> **Problem to work on**
Your response should be every line from the entries that includes the string "Walk".

Web page caption snippets:

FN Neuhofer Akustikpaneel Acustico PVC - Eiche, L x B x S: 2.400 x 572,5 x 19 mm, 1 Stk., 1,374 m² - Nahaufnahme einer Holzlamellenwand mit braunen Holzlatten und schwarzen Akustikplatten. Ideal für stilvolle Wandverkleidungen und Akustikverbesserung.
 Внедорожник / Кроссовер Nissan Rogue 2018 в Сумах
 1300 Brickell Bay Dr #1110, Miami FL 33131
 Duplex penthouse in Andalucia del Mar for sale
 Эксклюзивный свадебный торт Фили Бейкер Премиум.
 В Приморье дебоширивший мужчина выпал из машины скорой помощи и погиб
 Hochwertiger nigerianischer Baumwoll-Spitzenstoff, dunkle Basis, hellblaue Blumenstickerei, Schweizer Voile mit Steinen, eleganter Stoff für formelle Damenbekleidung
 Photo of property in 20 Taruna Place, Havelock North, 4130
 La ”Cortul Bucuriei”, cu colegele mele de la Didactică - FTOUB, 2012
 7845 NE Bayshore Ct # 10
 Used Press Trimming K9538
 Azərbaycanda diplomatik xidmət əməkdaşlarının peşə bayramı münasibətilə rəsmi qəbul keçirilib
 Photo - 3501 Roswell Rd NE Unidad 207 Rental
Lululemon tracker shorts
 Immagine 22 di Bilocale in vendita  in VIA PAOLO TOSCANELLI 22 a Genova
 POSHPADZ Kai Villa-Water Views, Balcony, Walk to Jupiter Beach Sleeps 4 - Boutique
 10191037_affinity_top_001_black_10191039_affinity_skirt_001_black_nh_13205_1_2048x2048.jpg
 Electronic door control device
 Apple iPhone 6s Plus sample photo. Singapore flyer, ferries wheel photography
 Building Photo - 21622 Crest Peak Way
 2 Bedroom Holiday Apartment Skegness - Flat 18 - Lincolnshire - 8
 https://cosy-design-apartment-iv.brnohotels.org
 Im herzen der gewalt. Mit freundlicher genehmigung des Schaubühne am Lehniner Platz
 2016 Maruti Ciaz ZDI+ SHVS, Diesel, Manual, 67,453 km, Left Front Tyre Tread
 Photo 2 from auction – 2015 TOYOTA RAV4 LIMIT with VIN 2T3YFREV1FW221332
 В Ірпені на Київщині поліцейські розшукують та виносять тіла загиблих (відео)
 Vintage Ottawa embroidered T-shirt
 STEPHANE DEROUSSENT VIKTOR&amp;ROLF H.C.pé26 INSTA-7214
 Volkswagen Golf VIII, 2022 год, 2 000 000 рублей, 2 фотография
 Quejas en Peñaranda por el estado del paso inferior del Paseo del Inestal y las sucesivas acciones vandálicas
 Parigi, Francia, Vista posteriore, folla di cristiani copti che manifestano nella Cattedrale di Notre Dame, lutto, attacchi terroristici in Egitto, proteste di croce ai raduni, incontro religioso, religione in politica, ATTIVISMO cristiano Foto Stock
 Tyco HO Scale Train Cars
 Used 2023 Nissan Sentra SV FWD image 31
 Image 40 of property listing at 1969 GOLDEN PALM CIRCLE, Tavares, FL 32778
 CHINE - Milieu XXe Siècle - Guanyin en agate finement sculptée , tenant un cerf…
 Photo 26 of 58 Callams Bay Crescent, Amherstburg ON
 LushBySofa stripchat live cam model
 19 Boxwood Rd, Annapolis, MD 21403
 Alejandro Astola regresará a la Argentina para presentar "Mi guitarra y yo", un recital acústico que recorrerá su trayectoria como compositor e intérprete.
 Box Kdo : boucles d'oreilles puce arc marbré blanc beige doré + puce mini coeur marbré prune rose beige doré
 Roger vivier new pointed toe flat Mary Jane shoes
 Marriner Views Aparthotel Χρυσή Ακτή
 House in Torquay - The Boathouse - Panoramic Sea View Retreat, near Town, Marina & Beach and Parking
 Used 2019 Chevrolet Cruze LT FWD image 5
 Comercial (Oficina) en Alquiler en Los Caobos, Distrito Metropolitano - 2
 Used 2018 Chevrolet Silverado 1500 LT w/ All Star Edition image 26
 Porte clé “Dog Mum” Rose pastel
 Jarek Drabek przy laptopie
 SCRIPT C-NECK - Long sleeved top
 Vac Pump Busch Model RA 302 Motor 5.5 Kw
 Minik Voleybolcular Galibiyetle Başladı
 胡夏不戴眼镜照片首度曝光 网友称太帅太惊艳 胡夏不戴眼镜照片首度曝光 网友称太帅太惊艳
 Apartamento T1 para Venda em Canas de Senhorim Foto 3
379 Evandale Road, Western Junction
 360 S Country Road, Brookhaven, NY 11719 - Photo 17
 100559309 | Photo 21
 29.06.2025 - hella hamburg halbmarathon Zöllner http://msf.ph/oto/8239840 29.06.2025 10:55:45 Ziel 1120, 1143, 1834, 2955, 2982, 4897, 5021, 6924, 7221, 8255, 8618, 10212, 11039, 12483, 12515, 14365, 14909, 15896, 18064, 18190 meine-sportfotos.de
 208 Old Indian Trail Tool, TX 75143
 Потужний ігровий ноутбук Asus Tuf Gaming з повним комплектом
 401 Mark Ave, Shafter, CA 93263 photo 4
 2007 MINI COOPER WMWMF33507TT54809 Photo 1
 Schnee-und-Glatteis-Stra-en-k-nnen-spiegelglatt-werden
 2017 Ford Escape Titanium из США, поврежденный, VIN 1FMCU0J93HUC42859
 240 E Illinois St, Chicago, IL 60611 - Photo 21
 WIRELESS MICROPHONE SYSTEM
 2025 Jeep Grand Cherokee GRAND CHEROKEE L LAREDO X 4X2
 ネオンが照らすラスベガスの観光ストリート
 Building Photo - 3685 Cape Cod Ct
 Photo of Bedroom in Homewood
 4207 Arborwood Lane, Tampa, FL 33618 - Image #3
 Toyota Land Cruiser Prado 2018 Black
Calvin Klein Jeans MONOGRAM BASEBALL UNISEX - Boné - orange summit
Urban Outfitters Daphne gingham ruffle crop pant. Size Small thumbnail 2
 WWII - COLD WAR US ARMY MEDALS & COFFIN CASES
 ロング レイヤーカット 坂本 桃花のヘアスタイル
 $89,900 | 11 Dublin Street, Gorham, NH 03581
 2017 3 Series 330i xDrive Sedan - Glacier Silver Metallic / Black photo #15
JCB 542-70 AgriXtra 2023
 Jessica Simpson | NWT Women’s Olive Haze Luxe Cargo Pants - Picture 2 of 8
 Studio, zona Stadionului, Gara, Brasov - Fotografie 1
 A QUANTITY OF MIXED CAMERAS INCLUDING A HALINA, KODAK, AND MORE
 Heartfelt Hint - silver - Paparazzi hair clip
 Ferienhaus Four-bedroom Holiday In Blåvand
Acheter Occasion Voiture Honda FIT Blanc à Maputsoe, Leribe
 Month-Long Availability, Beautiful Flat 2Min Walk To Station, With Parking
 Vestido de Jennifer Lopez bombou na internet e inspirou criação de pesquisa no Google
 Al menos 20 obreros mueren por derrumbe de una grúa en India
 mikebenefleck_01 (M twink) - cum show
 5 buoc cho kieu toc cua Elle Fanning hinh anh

> **Solution to the exercise**
 POSHPADZ Kai Villa-Water Views, Balcony, Walk to Jupiter Beach Sleeps 4 - Boutique
 Month-Long Availability, Beautiful Flat 2Min Walk To Station, With Parking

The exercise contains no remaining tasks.